We've learned that the derivative, $f'(x)$ , tells us the instantaneous rate of change of a function $f(x)$ . It measures how quickly the function's output is changing with respect to its input, represented geometrically as the slope of the tangent line.

But what if we want to know how the rate of change itself is changing? Just as we can find the rate of change of a function, we can also find the rate of change of its derivative. This leads us to the concept of higher-order derivatives.

The Second Derivative

The most common higher-order derivative you'll encounter, especially in optimization contexts relevant to machine learning, is the second derivative.

Simply put, the second derivative is the derivative of the first derivative. If you have a function $f(x)$ , you find its first derivative, $f'(x)$ . Then, you differentiate $f'(x)$ again to get the second derivative.

Notation:

Just like the first derivative has multiple notations, so does the second derivative:

Lagrange notation: If the first derivative is $f'(x)$ , the second derivative is denoted as $f''(x)$ (read as "f double prime of x").
Leibniz notation: If the first derivative is $\frac{dy}{dx}$ , the second derivative is denoted as $\frac{d^2y}{dx^2}$ (read as "d squared y by dx squared"). Notice where the '2's are placed. It signifies taking the derivative operator $\frac{d}{dx}$ twice with respect to $x$ .

Calculation:

Calculating the second derivative involves applying the differentiation rules you've already learned, just one more time.

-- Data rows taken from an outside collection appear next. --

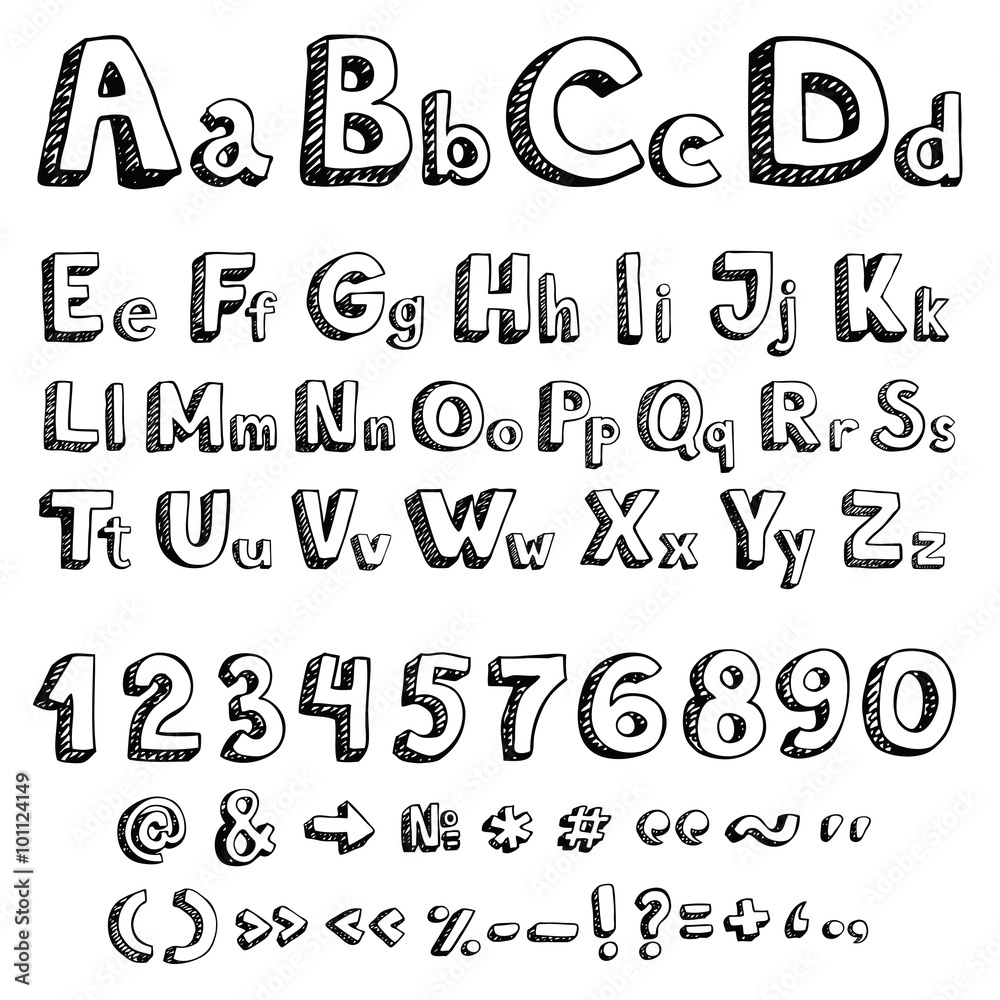 Hand drawing vector letters Hand drawing vector letters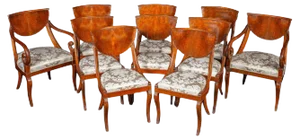 Italian Dining Chairs Including 2 Armchairs, 1790s, Set of 10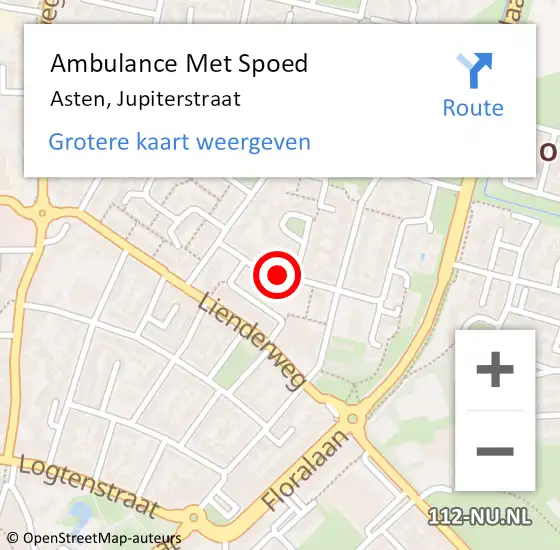 Locatie op kaart van de 112 melding: Ambulance Met Spoed Naar Asten, Jupiterstraat op 6 juni 2018 22:44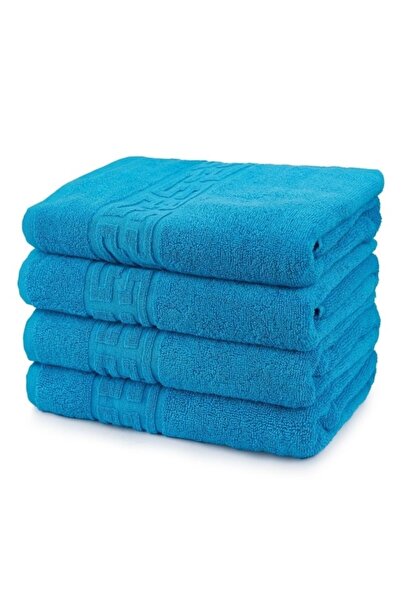OEM Set of 4 Face Towels, Cotton, Greek Border, 500g/m², 50x90cm, Turquoise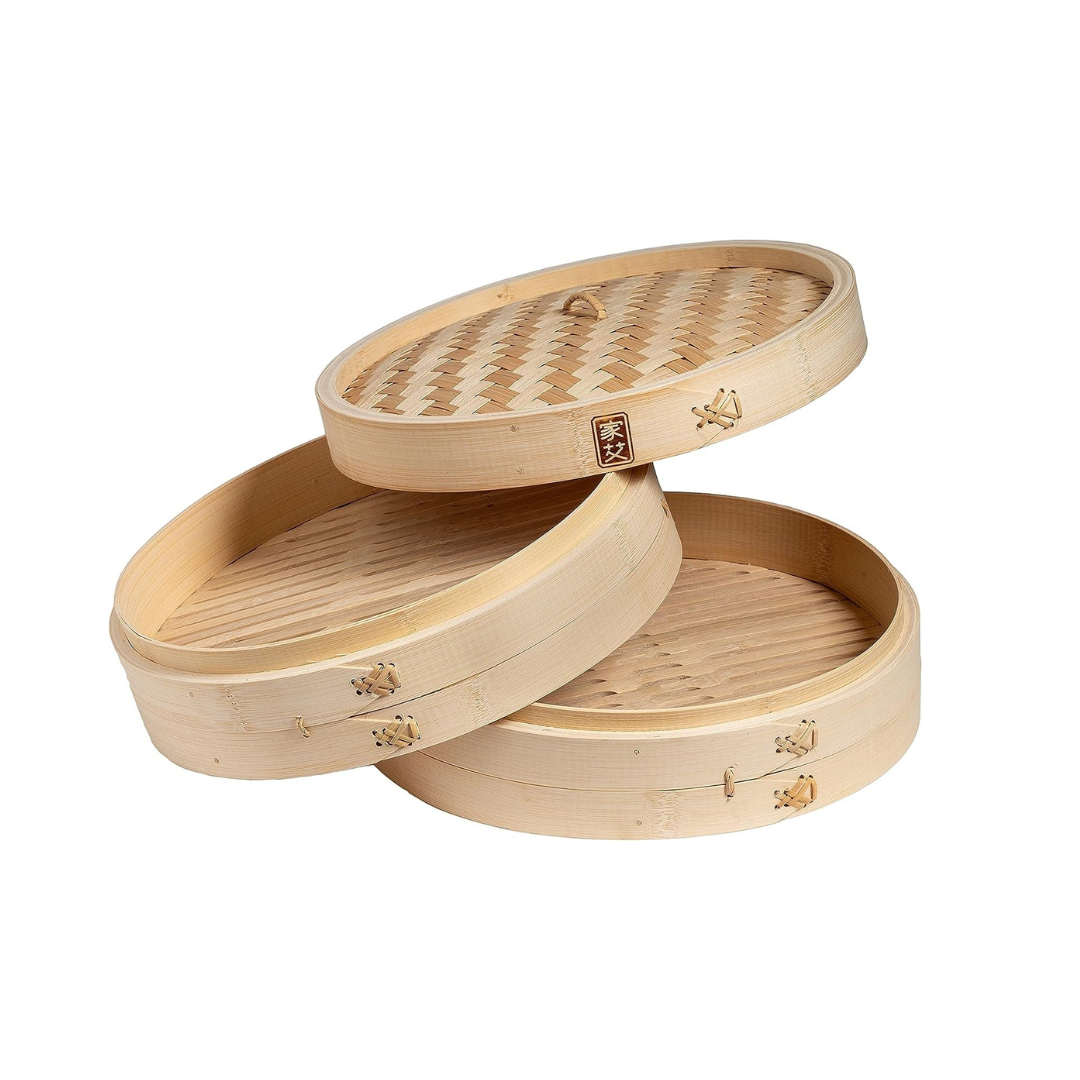 8" Bamboo Steamer (3 Pieces)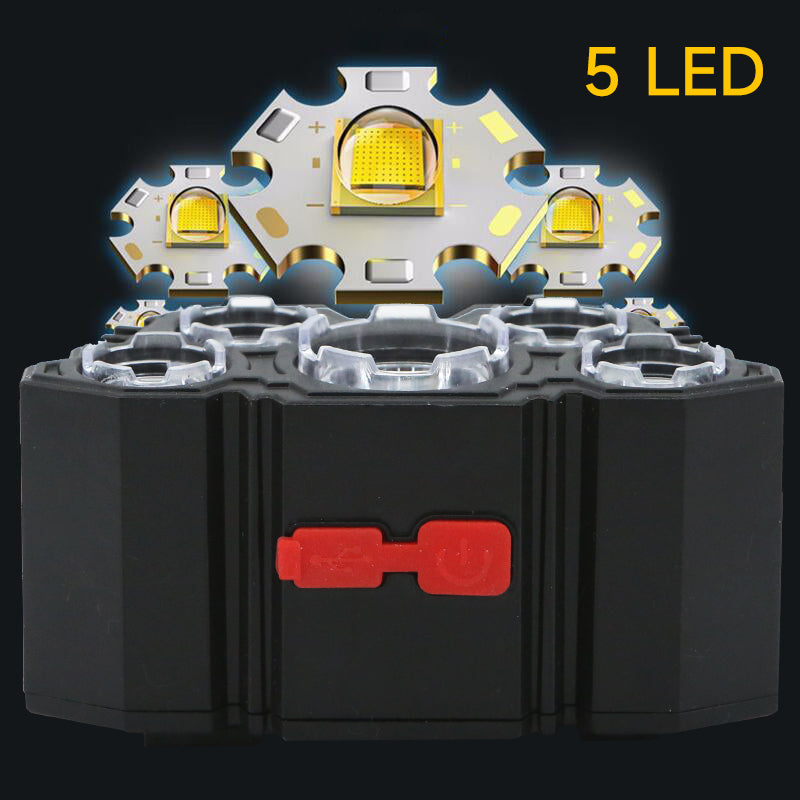 Strong LED Headlamp Flashlight, Rechargeable Built in Battery, 5 LED Light for Camping, Adventure & Fishing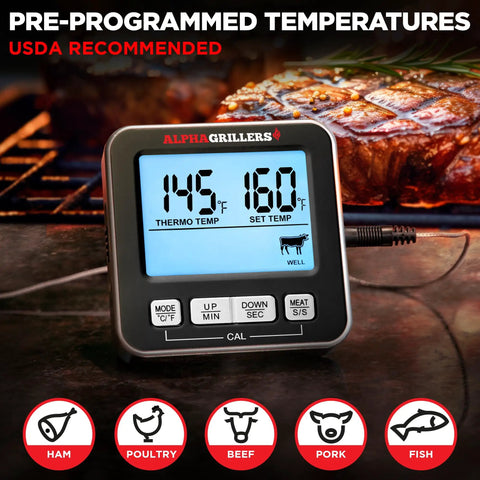 Digital Meat Thermometer For Grilling And Smoking With 7 Preset Temperature Alerts shown beside grilled steak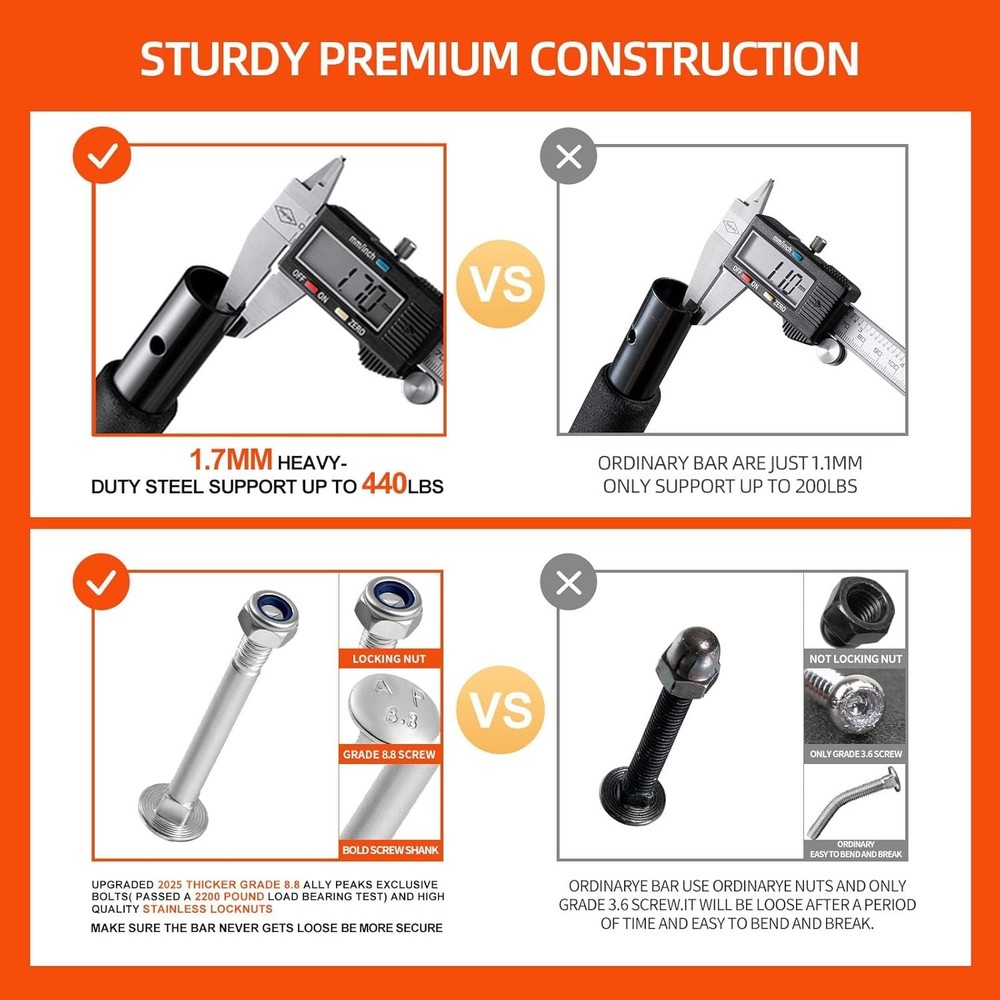 Alloy Steel Pull Up Bar for Home Gym, Heavy Duty Design with Multi-Function Use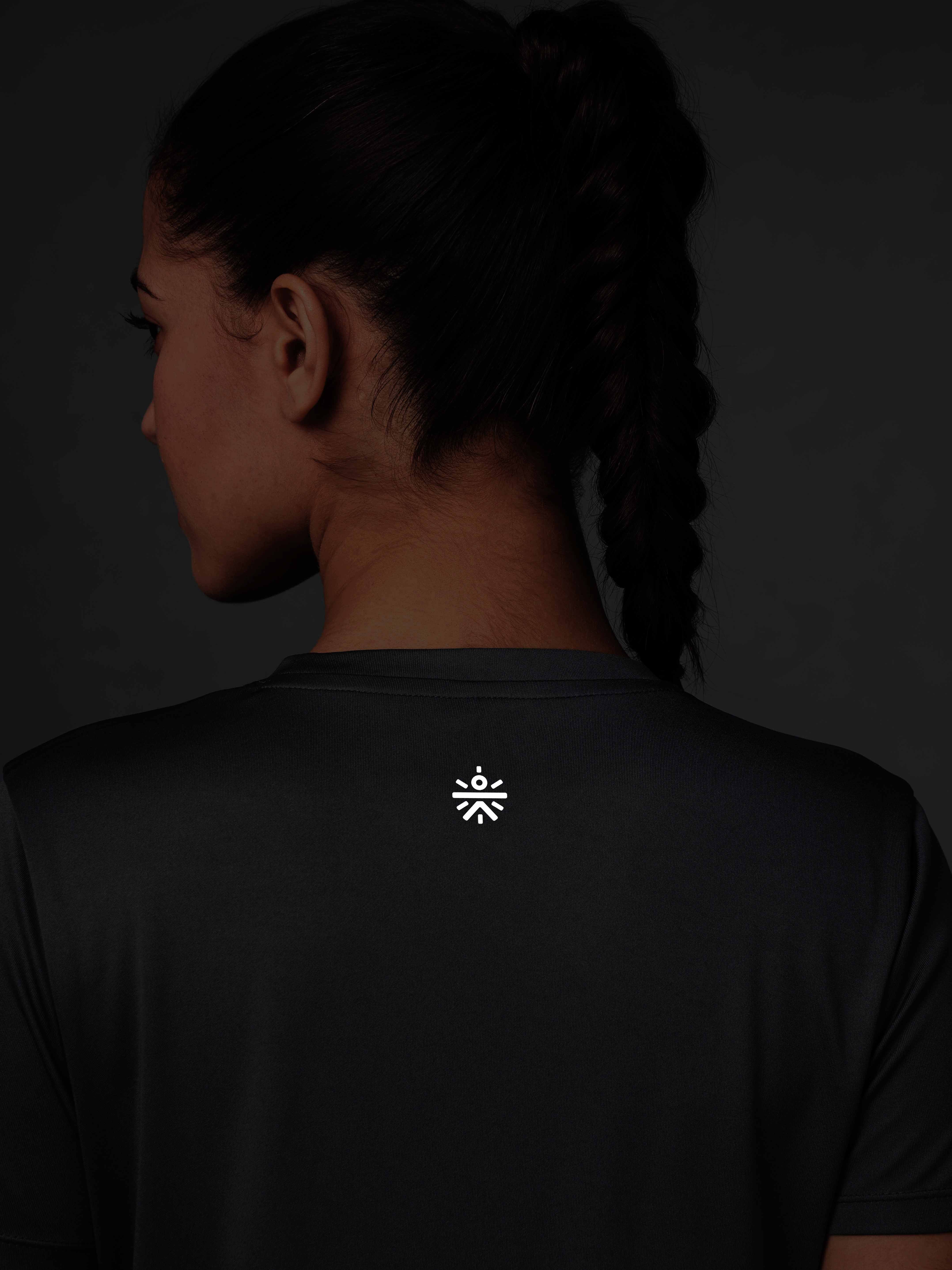 Women's Layered Hem Grey Running Top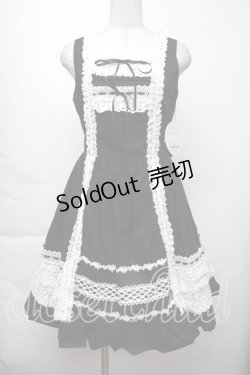 画像1: BABY,THE STARS SHINE BRIGHT / レースフリルジャンパースカート  黒 S-25-11-28-1053-BA-OP-AS-ZS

Let's take an example: Consider the function: $f(x) = x^3 + 2x^2 - 5x + 1$

First, find the first derivative using the power rule, constant multiple rule, and sum rule: $f'(x) = \frac{d}{dx}(x^3) + \frac{d}{dx}(2x^2) - \frac{d}{dx}(5x) + \frac{d}{dx}(1)$ $f'(x) = 3x^{3-1} + 2(2x^{2-1}) - 5(1x^{1-1}) + 0$ $f'(x) = 3x^2 + 4x - 5$

Now, to find the second derivative, $f''(x)$ , we differentiate $f'(x)$ with respect to $x$ : $f''(x) = \frac{d}{dx}(f'(x)) = \frac{d}{dx}(3x^2 + 4x - 5)$ $f''(x) = \frac{d}{dx}(3x^2) + \frac{d}{dx}(4x) - \frac{d}{dx}(5)$ $f''(x) = 3(2x^{2-1}) + 4(1x^{1-1}) - 0$ $f''(x) = 6x + 4$

So, for $f(x) = x^3 + 2x^2 - 5x + 1$ , the first derivative is $f'(x) = 3x^2 + 4x - 5$ , and the second derivative is $f''(x) = 6x + 4$ .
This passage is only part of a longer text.